- _Short text fragments from websites_
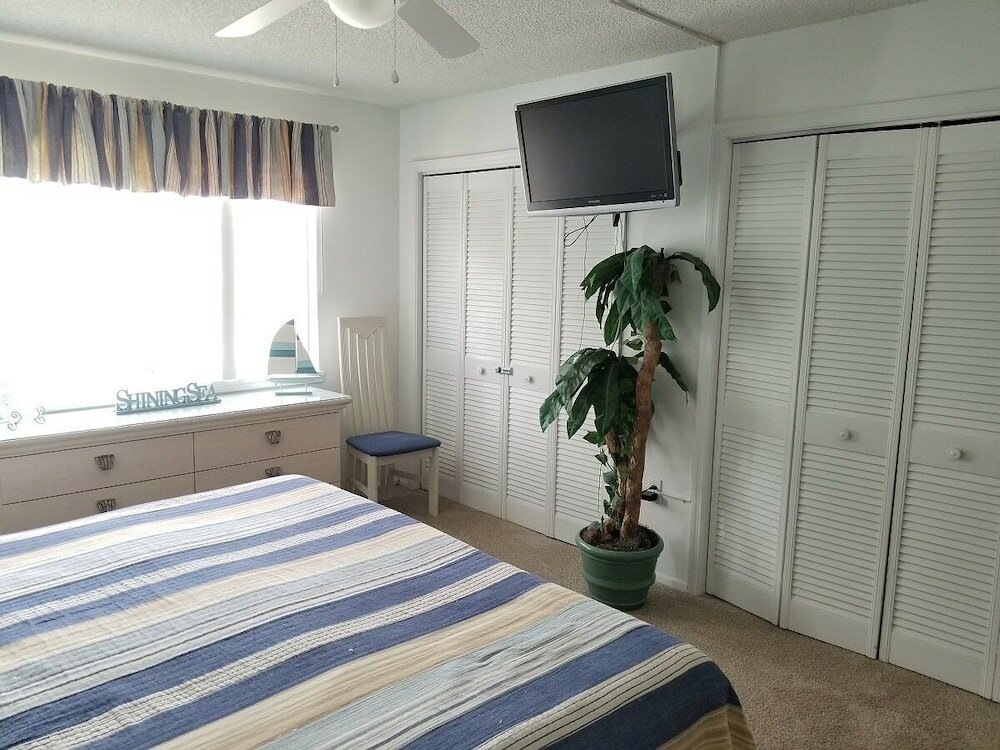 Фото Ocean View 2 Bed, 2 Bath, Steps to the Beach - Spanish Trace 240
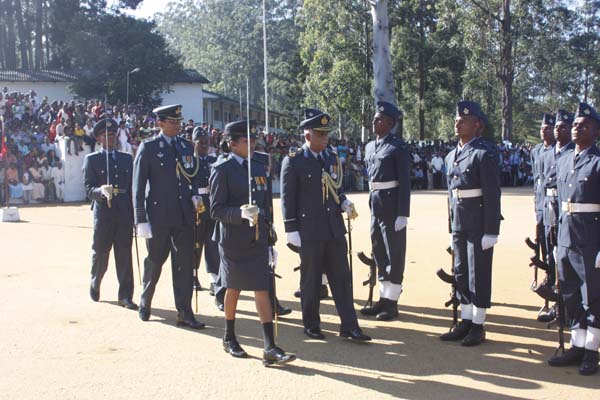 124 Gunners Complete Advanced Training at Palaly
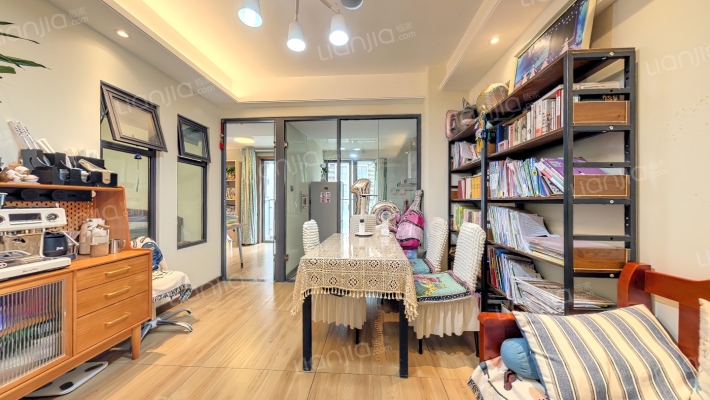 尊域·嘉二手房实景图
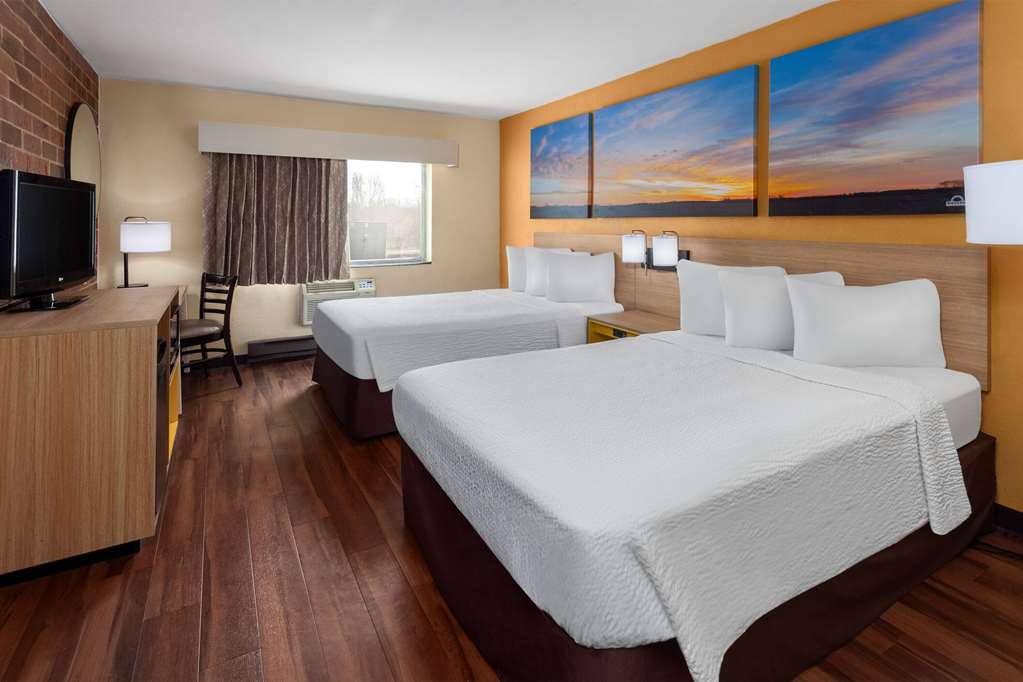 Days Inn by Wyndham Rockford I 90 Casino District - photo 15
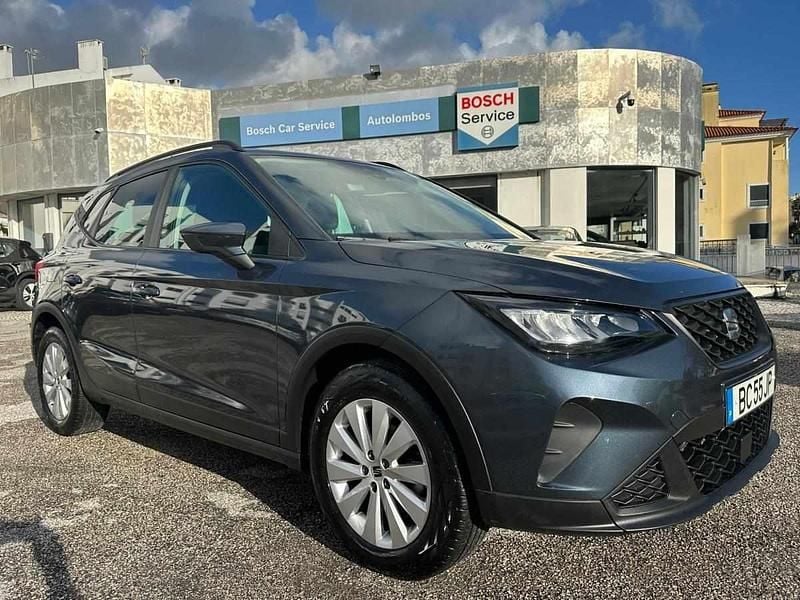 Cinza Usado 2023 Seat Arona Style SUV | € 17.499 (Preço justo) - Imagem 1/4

- _ASSIGNMENT_
In the copy, include exactly the lines from the one with "Days Inn by" through the final line of the entries above, both ends counted, and no pictures.

- _YOUR RESPONSE_
 Days Inn by Wyndham Rockford I 90 Casino District - photo 15
 Cinza Usado 2023 Seat Arona Style SUV | € 17.499 (Preço justo) - Imagem 1/4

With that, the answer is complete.